Huw Hughes, Secretary at the Seiont, Gwyrfai and Llyfni Angling Society, said: “It's beyond belief that it's taken 22 years of complaining, campaigning, and eventually legal processes, for the authorities to admit their failure in regulating pollution and other activities which have driven the Arctic char to the brink - an iconic Welsh fish which by its presence highlights our supposedly pristine environment. In my opinion this fish has been driven onto the edge of extinction by regulatory inactivity. In light of Fish Legal's sterling work we now sincerely hope that the urgency required will now be directed into clearing up this mess, and all involved, especially Dwr Cymru / Welsh Water, will fully co-operate in this operation"
William Rundle, Head Solicitor at Fish Legal, commented: “It has been an uphill struggle to get the regulator to admit to failures in its investigation. We now hope they will undertake their new investigation quickly and without fear or favor. The situation needs to improve soon if the char are to reverse their tragic decline."
He further commented: “Dwr Cymru / Welsh Water is a major polluter throughout Wales and has put significant resources into obstructing our progress in this case. Based on past experience I would expect them to continue to fight the regulator in any new decision imposing greater (or any) liability on them for their damaging activities. However, we hope that they will now take a more constructive approach to this problem given the serious state of the SSSI and its rare fish, and put their significant influence into better protecting the environment. Actions will speak louder than words.”
Mark Lloyd, Chief Executive of Fish Legal and the Angling Trust said: “It should not have taken 20 years for the regulator to recognise it can do more to stop a water company pouring sewage into a beautiful mountain lake containing unique and endangered fish.
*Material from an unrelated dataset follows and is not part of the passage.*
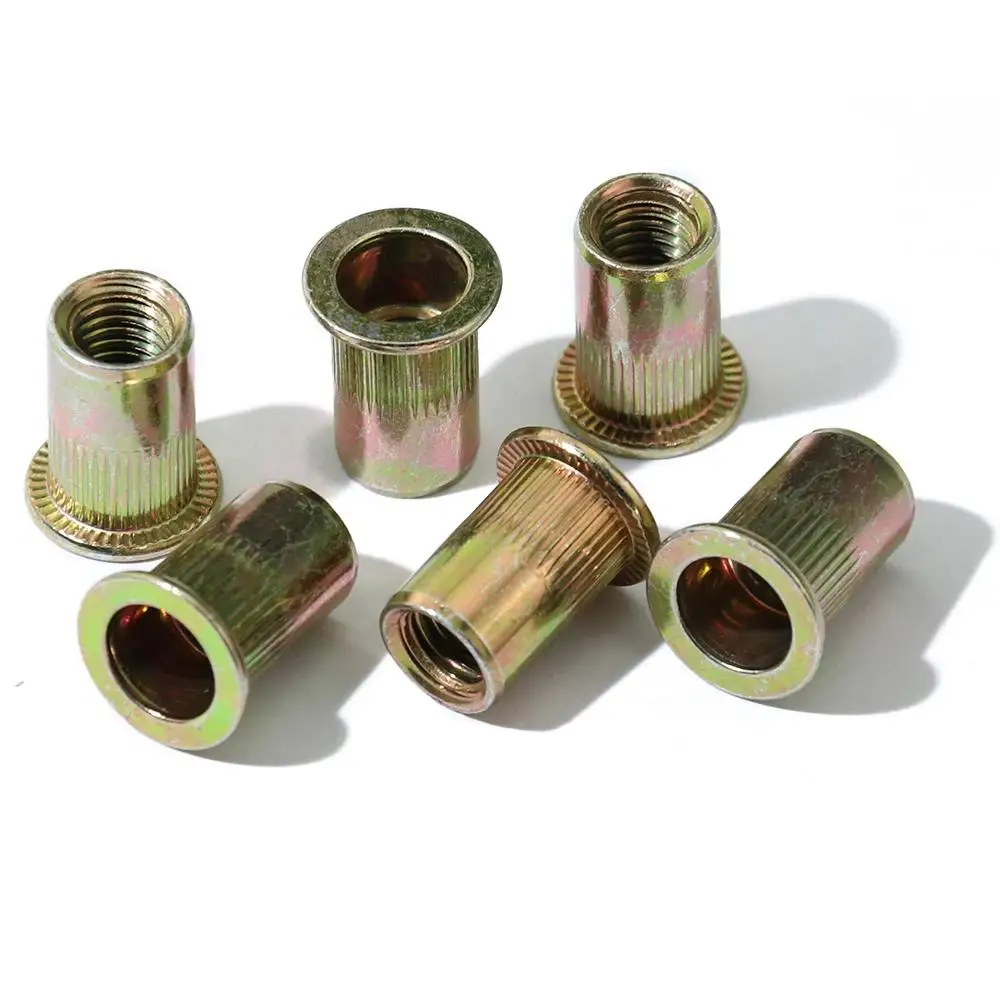 Description Picture 6 of itemZinc Plated Carbon Steel Knurled Nuts M3 M4 M5 M6 M8 M10 M12 Threaded Rivet Insert Nutsert Cap Rivet Nut Flat Head Rivnut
Natural Resources Wales needs to have a long hard look at how they have failed to protect the natural environment for so long. It is only because Fish Legal kept fighting through the courts that they finally agreed to take action and re-do their investigation lawfully. We are only able to fight these causes because of the support of thousands of Fish Legal member clubs and individual members of the Angling Trust and Fish Legal.”